Comme le cinéma fran­çais se can­tonne géné­ra­le­ment à la comé­die bur­lesque, la comé­die dra­ma­tique, le drame poli­cier ou la fic­tion his­to­rique, les fans du genre ne peuvent que saluer et s’enthousiasmer dès lors qu’un grand nom fran­çais du sep­tième art ose bra­ver le défi de réa­li­ser une œuvre de science-fiction…
Encore faut-il que celle-ci soit à la hau­teur du niveau qu’impose aujourd’hui le genre. Fort mal­heu­reu­se­ment, il fau­dra admettre que ce ne sera pas le cas avec Big­bug, un long-métrage de science-fiction, sorti le 11 février 2022 sur Net­flix, lequel s’avère n’être qu’un coq déplumé, ago­ni­sant d’avoir été réchauffé, sus­ci­tant néan­moins com­pas­sion et pitié sincère.

La science-fiction est en effet un genre exi­geant, car toutes ses thé­ma­tiques ont déjà été brillam­ment trai­tées et les plus grands de ses sujets, à l’essence phi­lo­so­phique, néces­sitent un fin dosage d’innovations, de finesse et de jus­tesse.

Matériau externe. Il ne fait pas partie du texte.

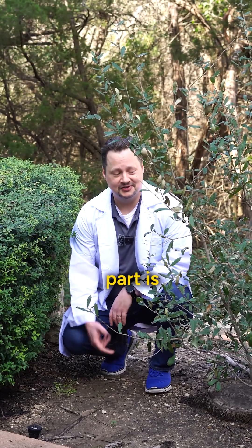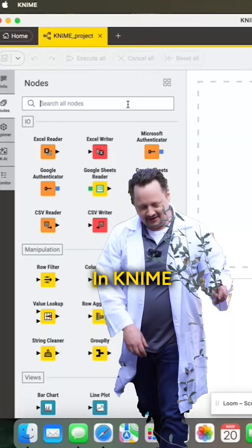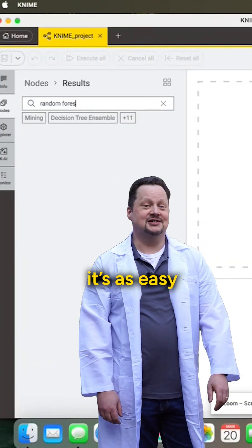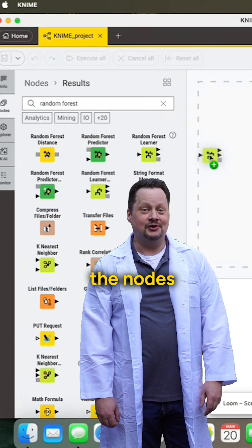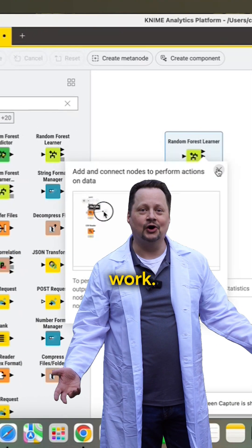The best part is, you don't have to plant these trees yourself. In KNIME Analytics Platform, it's as easy as dragging and dropping the nodes and letting the algorithm do the work.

Or, le scé­na­rio de Big­bug s’élabore autour de la peur que nos inven­tions sup­plantent l’être humain. Ceci n’a abso­lu­ment rien de nova­teur puisque cette crainte est l’une des plus écu­lées de l’histoire de l’humanité.
On en trouve la trace dans l’histoire de la grande civi­li­sa­tion aztèque qui fit le choix de ne pas adop­ter la roue, pro­ba­ble­ment pour ne pas ébran­ler sa struc­ture sociale, ou lors de la révolte des canuts, un mou­ve­ment qui prit racine à Lyon, en 1831, au cours duquel les ouvriers de la soie bri­sèrent les nou­velles machines à tis­ser afin de ne pas perdre leur emploi. Le para­digme “société vs évo­lu­tion tech­nique” est même le moteur de l’évolution his­to­rique selon Marx.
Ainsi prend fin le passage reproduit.